I took a moment to take in the night sky myself. It wasn’t the same as it’d been back on Ithaca…with Ariel…but the twinkling stars reminded me of a time where it didn’t feel like I had a ten ton weight on my chest and when family meant something more than a painful memory. The moment passed. What was done was done, and there were too many people out there counting on me to dwell on the past. Shaking my head at my own stupidity, I found a spare bunk in the command center and drifted off to pleasantly uneventful sleep.

I woke up six hours later, leaving me my usual window to get ready. It was a stupid habit that my friends had always made fun of back home, but I liked to be a step ahead when I could – it made me feel like I was a leg up on whatever was about to come. The water in the fresher was cold as hell, but it did the job of waking me up real fast. Will save the mess hall some of its caf supply, at least. As I exited the room, I nearly ran directly into Elara, who was already armored up and ready to go, sans the helmet she cradled under her left arm.

“El-Sergeant. Uh, good morning. Wasn’t expecting you to be up already.”

She gave me a curious look, and something flashed in her eyes. “I discovered your habit of getting up earlier than necessary, Sir, and felt it was a good idea. However, I felt that I could be even more efficient than you are.” I felt my mouth open and close, but nothing came out. “I will see you at the briefing, Sir.”

I tried to ignore the gaping from a couple of the spaceport workers that had seen the limited exchanging. Was Elara developing a playful sense of humor? If so, I was in for even more trouble than I could ever have imagined.
Breakfast was a lot like Jorgan – cold, bitter and hair all over – but it filled me up well enough for the day ahead.

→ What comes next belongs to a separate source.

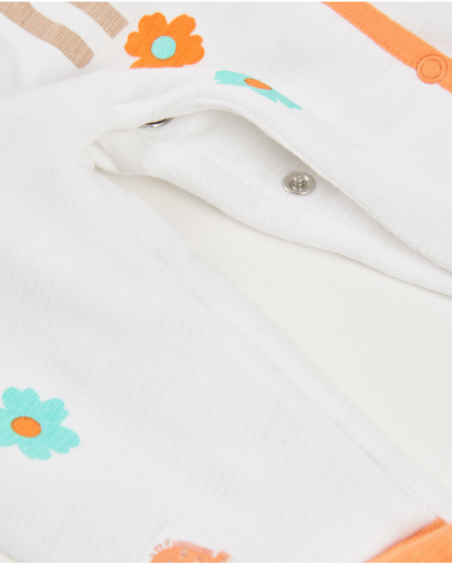 Grenouillère en tricot pour nouveau-né avec fermeture latérale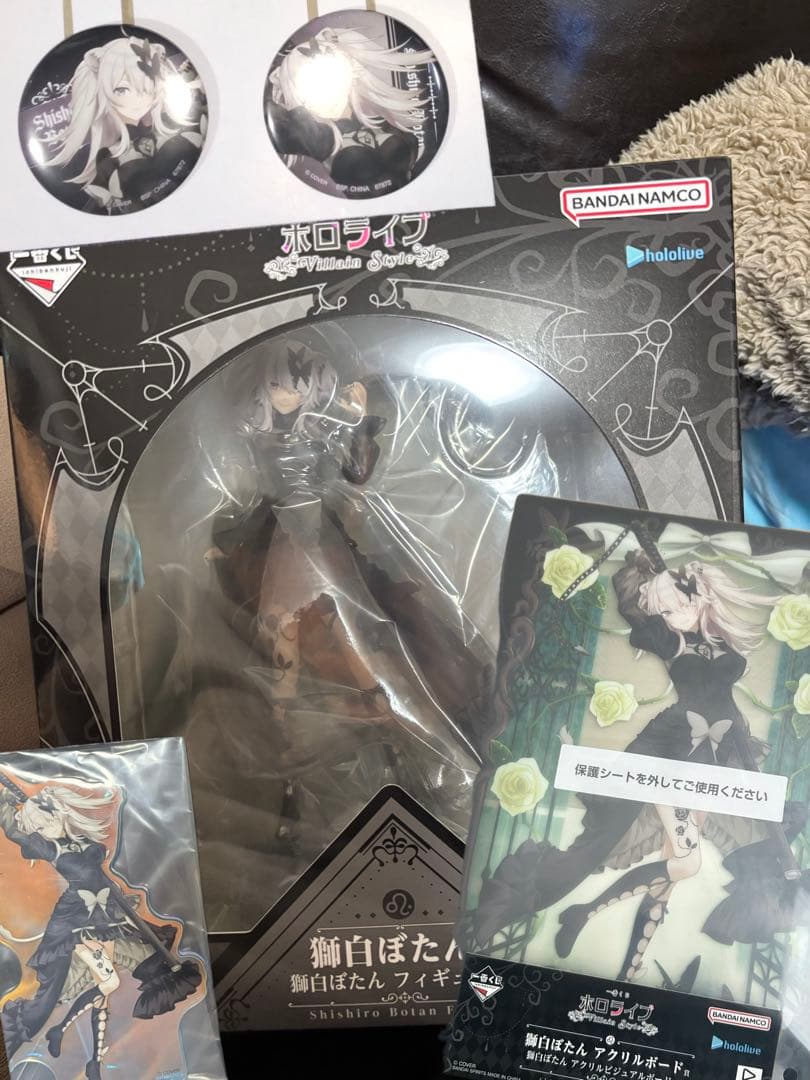 1/10発売ホロライブ一番くじ Villain Style 獅白ぼたんフィギュア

I pushed away from the table and, for what felt like the millionth time, walked toward the command center’s briefing room. In contrast to the scene from last night’s meeting, it felt surprisingly light and cheery in the room. I nodded my head in greeting to Captain Cormac and was just shifting my attention to the familiar brunette next to him when –

“Ayrs! I mean, Lieutenant Martell.” Amitia swept me into a brief and – thanks to our armor – uncomfortable hug. Her eyes twinkled a bit as she spoke again. “If I’d known we’d have to help you out again, I’d have charged more for my help.”

“If I’d known we needed Jedi help to get this mission done, I’d have found a safer line of work,” I replied weakly, before offering Kira a small smile. She didn’t reply immediately, instead rolling her eyes at her partner, before smiling in return. “You both know Sergeants Dorne and Jorgan from Taris. And this is…our wardroid, M1-4X. If you have any propaganda needs, Forex is the droid for you.”

Amitia eyed the droid suspiciously, but Garza’s hologram suddenly appeared and killed off our repartee.

“Lieutenant Martell, I’m glad to see everyone is assembled. I will be brief, as time is of the essence.” I nodded to indicate understanding. “The Jedi have their own business on Alderaan, but they have generously offered their services for the mission. They will provide direct support for your squad as it engages Gearbox and eliminates the threat he poses. Captain Cormac and his soldiers have been provided courtesy of Duke Organa, and will provide cover for the entire operation, intercepting any reinforcements before they can present a problem.”

“Seems pretty simple.” Too simple. “Do we have any intel on what Gearbox might have in there, Sir?”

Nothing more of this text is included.